**What the task requires**
Exact copy, no pictures: output each line below as it stands.

**Data excerpt**

# # # #

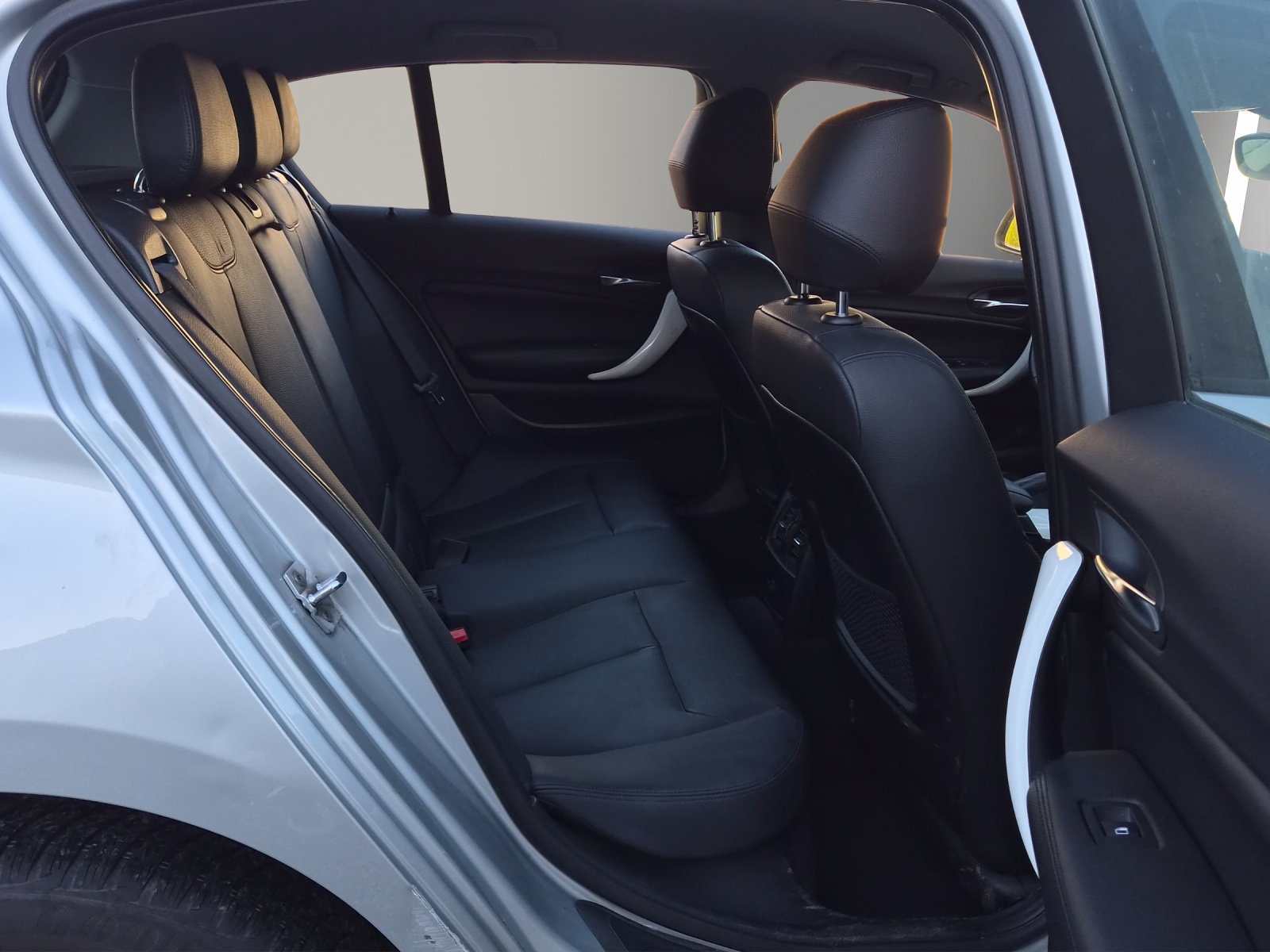 BMW 118i Urban Line-image-14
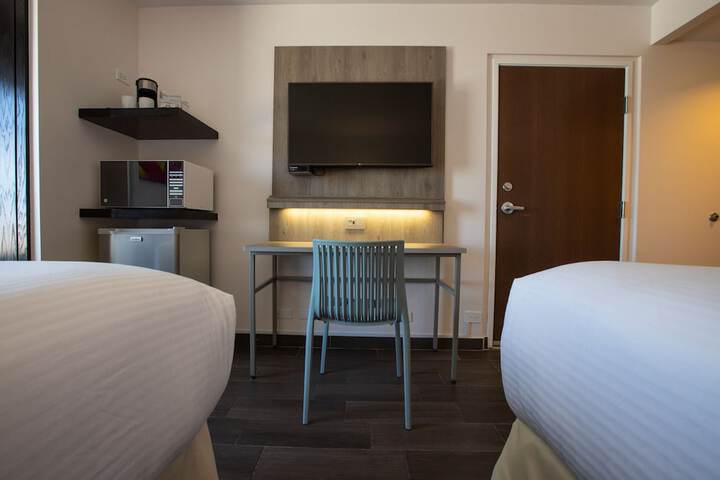 Room 6 of 44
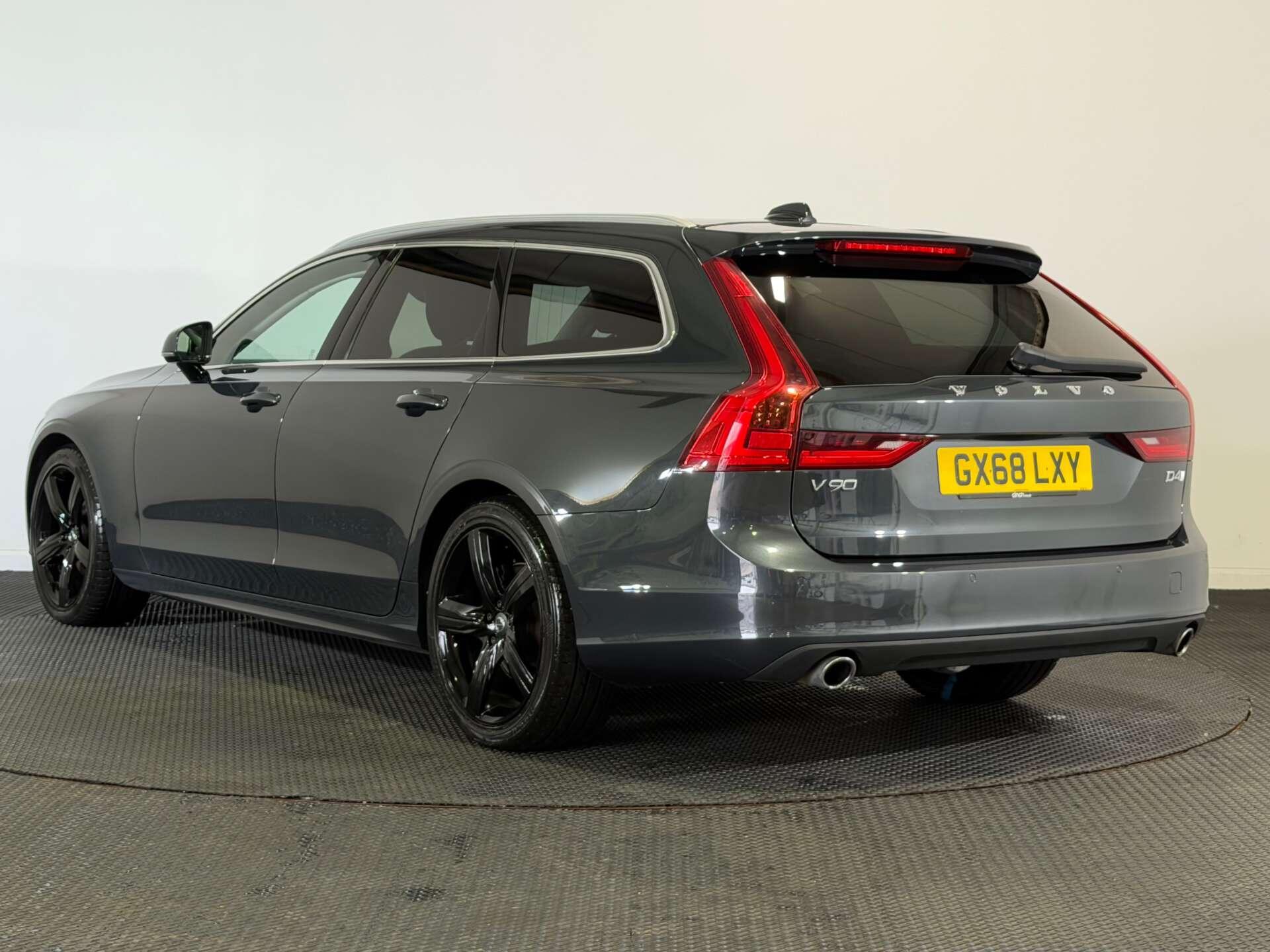 Volvo V90 view 5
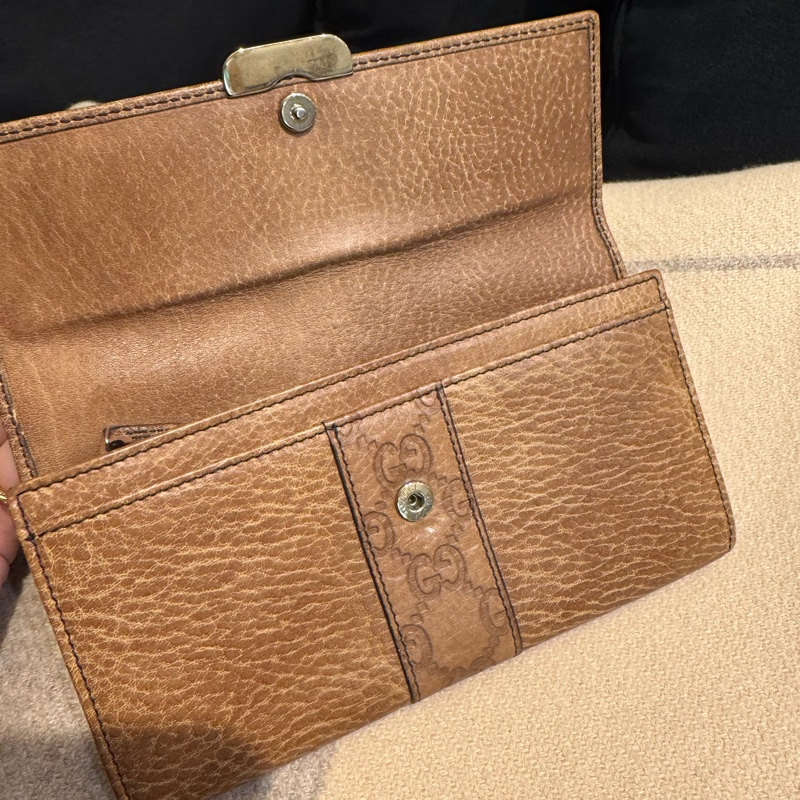 Gucci咖皮革小鐵牌釦式長夾  超好用✨價格超甜-17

# # # #

**Your solution**
 BMW 118i Urban Line-image-14
 Room 6 of 44
 Volvo V90 view 5
 Gucci咖皮革小鐵牌釦式長夾  超好用✨價格超甜-17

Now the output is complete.